There are a number of limitations to our study. We aimed to follow good clinical research practice for studies of neuromuscular blocking drugs, as recommended by Fuchs‐Buder et al. 7. However, we deliberately chose not to standardise the anaesthetic care or neuromuscular blocker administration, in order to obtain results that would be applicable to routine anaesthetic care. One of the disadvantages of this approach was that, in some cases, patients were managed under deep block for most of the surgical procedure, limiting the opportunity to measure train‐of‐four. Due to this, some patients contributed more data points than others.

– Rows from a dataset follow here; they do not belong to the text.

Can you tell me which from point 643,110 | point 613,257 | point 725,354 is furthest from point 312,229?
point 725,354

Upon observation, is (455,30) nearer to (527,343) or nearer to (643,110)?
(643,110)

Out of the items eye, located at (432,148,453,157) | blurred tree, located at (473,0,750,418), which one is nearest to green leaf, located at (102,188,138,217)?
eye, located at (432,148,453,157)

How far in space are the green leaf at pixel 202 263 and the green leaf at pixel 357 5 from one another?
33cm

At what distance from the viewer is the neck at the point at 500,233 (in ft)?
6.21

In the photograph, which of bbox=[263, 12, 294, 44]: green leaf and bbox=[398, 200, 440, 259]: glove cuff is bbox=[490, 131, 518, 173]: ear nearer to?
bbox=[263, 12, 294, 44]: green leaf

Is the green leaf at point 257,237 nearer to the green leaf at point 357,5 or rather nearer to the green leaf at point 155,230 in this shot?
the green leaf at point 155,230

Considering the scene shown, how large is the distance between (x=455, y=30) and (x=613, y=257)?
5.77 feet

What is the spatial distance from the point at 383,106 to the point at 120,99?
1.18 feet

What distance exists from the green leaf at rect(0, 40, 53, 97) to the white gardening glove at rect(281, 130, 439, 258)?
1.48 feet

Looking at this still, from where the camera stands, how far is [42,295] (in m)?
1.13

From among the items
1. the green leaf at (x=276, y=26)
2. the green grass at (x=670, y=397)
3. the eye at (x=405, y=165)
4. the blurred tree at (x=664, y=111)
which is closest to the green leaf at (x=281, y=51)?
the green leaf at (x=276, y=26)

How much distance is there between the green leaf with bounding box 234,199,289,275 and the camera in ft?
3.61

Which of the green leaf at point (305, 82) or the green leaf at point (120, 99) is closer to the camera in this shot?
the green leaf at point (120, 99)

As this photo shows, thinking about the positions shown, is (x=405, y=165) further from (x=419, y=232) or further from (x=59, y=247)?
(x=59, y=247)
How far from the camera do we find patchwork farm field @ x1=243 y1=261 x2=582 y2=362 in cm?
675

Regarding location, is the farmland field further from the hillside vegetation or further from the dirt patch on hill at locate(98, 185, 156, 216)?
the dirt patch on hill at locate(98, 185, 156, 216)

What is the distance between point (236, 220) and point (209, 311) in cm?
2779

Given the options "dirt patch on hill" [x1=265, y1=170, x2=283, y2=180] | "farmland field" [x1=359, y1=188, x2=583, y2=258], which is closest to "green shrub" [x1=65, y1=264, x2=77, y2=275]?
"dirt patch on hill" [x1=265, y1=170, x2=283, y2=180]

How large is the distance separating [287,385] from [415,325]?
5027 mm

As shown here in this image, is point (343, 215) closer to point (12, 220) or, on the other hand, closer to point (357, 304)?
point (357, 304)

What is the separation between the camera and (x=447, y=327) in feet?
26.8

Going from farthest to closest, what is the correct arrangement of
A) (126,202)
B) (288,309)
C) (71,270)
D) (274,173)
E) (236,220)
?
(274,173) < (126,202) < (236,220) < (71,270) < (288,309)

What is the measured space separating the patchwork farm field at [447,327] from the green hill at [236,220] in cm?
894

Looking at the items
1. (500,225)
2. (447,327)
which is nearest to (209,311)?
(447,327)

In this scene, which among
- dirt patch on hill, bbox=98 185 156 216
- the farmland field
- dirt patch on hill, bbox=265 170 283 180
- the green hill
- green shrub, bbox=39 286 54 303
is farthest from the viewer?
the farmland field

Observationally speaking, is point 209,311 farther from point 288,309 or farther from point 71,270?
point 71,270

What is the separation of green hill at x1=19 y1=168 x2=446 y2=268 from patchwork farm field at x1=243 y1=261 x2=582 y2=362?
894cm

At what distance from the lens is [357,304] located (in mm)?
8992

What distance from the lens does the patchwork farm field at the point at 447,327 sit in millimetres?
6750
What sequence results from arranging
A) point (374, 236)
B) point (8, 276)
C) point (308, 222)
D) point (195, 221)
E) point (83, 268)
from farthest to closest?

We deliberately chose not to prepare the skin before applying electrodes; not to apply preload to the thumb during acceleromyograph measurements; not to restrain finger movement; and not to normalise acceleromyograph values, because in our experience these steps are not widely used in anaesthetic practice. We compared electromyograph signal quality on a number of healthy volunteers before and after skin preparation using either alcohol or mild skin abrasion. Although the skin impedance was reduced with skin preparation, it did not result in an appreciably larger amplitude signal.

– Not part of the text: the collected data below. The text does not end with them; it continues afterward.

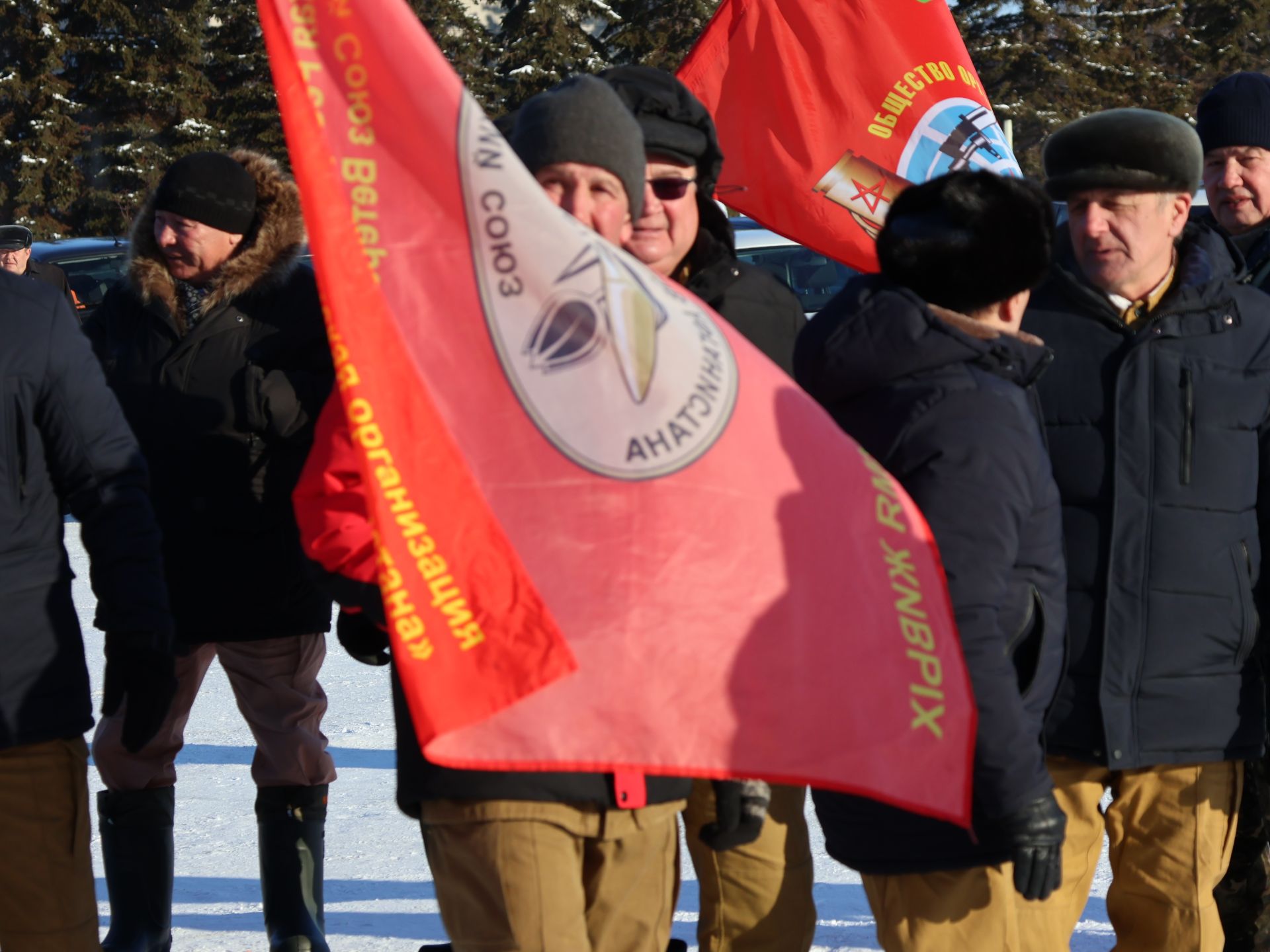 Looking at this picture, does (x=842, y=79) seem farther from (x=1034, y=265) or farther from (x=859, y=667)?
(x=859, y=667)

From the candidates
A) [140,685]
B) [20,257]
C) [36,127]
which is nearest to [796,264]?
[20,257]

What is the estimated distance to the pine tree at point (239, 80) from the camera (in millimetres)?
28312

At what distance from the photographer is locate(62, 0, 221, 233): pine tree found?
28.4 metres

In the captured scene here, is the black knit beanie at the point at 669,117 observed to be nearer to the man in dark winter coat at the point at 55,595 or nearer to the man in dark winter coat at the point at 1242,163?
the man in dark winter coat at the point at 55,595

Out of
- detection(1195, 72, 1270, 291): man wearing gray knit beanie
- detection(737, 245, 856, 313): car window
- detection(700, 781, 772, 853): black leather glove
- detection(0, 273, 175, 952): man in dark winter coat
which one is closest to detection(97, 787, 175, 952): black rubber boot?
detection(0, 273, 175, 952): man in dark winter coat

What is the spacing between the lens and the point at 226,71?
2966 centimetres

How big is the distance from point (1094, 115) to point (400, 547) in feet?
5.66

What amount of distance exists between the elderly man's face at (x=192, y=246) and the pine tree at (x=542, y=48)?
25201 millimetres

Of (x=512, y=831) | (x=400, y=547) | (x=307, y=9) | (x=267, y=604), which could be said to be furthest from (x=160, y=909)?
(x=307, y=9)

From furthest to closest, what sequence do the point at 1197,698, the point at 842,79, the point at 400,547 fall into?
the point at 842,79, the point at 1197,698, the point at 400,547

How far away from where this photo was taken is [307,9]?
206 cm

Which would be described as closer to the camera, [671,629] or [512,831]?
[671,629]

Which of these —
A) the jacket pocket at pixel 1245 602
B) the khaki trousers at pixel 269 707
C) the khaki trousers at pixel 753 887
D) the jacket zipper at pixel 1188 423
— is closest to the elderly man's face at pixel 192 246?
the khaki trousers at pixel 269 707

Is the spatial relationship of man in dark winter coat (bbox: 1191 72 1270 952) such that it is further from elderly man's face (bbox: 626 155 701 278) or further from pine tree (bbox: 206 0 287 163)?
pine tree (bbox: 206 0 287 163)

Presumably due to the effects of a blood pressure cuff on distribution of neuromuscular blocking drugs in each arm, it is possible for significant arm‐to‐arm differences in twitch to occur, particularly in the period immediately following administration of a neuromuscular blocking drug. This phenomenon has to be considered when comparing the results from devices placed on opposite arms. Although we did observe some arm‐to‐arm differences during our study, the excellent agreement between electromyograph monitors placed on opposite arms strongly suggests that when large numbers of data pairs are considered, any differences caused by arm‐to‐arm differences in neuromuscular blocker distribution must be minor, at least when periods of rapid change after drug administration or reversal are avoided. Our findings concerning arm‐to‐arm differences agree with that of Claudius et al. 23. We decided therefore not to restrict comparisons to those where the devices were on the same arm. In particular, it was not possible to compare mechanomyography and acceleromyography on the same arm, since the mechanomyograph device restrains movement of the thumb. Mechanomyography vs. electromyography and acceleromyography vs. electromyography comparisons were obtained from the same arm whenever possible.

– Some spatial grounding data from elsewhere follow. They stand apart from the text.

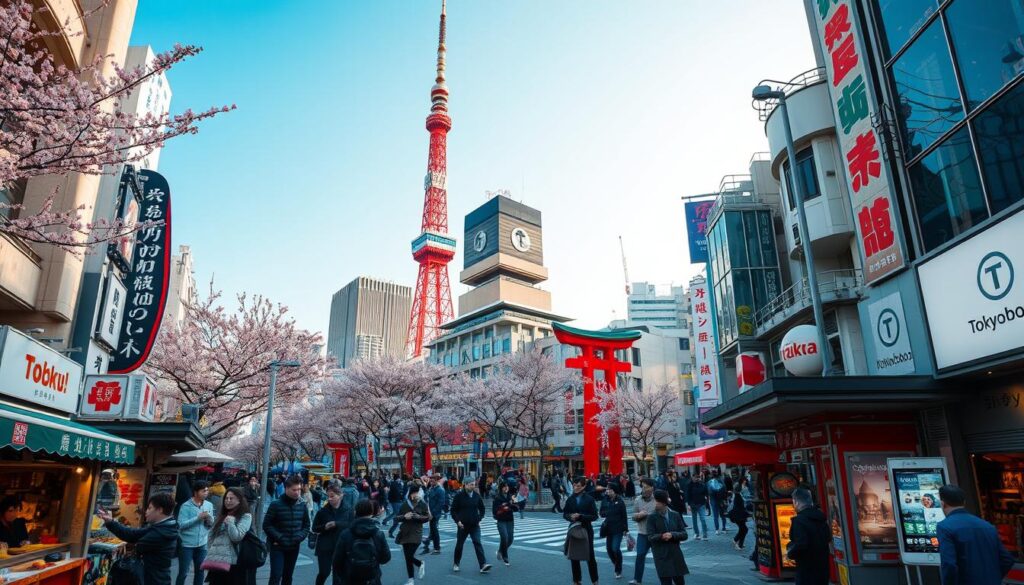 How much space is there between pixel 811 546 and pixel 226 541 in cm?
649

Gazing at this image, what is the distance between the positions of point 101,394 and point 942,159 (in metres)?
16.8

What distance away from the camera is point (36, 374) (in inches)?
367

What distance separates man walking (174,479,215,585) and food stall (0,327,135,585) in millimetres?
1168

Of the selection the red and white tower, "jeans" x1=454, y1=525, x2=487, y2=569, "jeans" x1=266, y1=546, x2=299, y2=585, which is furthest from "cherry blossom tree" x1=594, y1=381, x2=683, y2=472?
the red and white tower

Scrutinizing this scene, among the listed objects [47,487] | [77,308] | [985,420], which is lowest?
[47,487]

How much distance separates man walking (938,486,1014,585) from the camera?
16.5 ft

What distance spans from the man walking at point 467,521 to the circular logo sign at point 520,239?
75.0 meters

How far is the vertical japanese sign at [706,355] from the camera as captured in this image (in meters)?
28.0

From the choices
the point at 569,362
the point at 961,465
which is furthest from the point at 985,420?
the point at 569,362

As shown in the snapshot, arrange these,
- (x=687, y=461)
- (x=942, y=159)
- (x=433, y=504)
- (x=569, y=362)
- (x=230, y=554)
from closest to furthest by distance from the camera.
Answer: (x=230, y=554) < (x=942, y=159) < (x=433, y=504) < (x=687, y=461) < (x=569, y=362)

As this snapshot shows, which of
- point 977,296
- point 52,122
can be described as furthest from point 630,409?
point 52,122

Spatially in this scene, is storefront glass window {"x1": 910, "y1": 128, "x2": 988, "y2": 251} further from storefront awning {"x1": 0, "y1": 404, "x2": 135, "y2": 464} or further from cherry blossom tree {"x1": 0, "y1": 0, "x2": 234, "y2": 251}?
storefront awning {"x1": 0, "y1": 404, "x2": 135, "y2": 464}

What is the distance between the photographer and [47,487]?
35.4 ft

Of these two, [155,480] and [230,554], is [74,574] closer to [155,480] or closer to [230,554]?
[230,554] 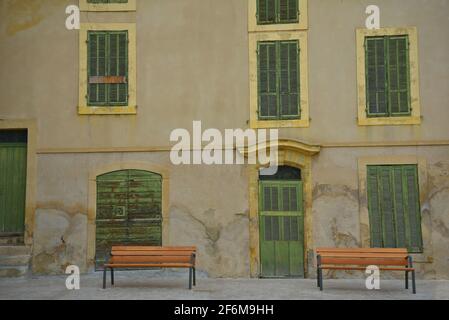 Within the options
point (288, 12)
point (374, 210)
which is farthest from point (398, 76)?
point (374, 210)

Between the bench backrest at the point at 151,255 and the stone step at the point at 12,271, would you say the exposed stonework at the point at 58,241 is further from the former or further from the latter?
the bench backrest at the point at 151,255

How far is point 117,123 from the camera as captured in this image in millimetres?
12320

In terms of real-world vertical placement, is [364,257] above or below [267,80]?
below

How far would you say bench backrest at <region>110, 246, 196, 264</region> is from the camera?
10555 millimetres

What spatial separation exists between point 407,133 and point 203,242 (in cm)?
448

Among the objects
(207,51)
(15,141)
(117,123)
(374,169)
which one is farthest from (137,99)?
(374,169)

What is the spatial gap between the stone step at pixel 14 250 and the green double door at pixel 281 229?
460 centimetres

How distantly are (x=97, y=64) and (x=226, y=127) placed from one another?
293cm

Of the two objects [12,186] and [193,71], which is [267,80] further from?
[12,186]

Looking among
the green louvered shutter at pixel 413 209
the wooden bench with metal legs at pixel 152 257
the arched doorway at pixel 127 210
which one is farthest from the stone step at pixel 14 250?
the green louvered shutter at pixel 413 209

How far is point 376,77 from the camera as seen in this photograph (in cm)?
1205

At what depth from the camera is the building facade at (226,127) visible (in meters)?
11.8

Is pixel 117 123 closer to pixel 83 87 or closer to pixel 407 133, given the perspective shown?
pixel 83 87

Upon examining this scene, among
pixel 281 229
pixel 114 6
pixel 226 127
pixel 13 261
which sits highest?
pixel 114 6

In conclusion, we obtained a wide range of train‐of‐four ratios from anesthetised patients using a prototype electromyograph monitor, in comparison with a mechanomyograph constructed in our laboratory and a commercially available acceleromyograph. The results were consistent with previous comparative studies of neuromuscular monitors, suggesting that mechanomyography is an appropriate gold standard comparator for validating acceleromyography or electromyography devices 7. We found that the prototype electromyograph, now commercially available as the TwitchView Monitor, resembled mechanomyography more closely than acceleromyography. We confirmed the results of previous studies showing that many baseline acceleromyography train‐of‐four ratio values exceed 1.0, whereas baseline mechanomyography and electromyography values seldom exceed 1.0, a finding with significant implications for clinical practice.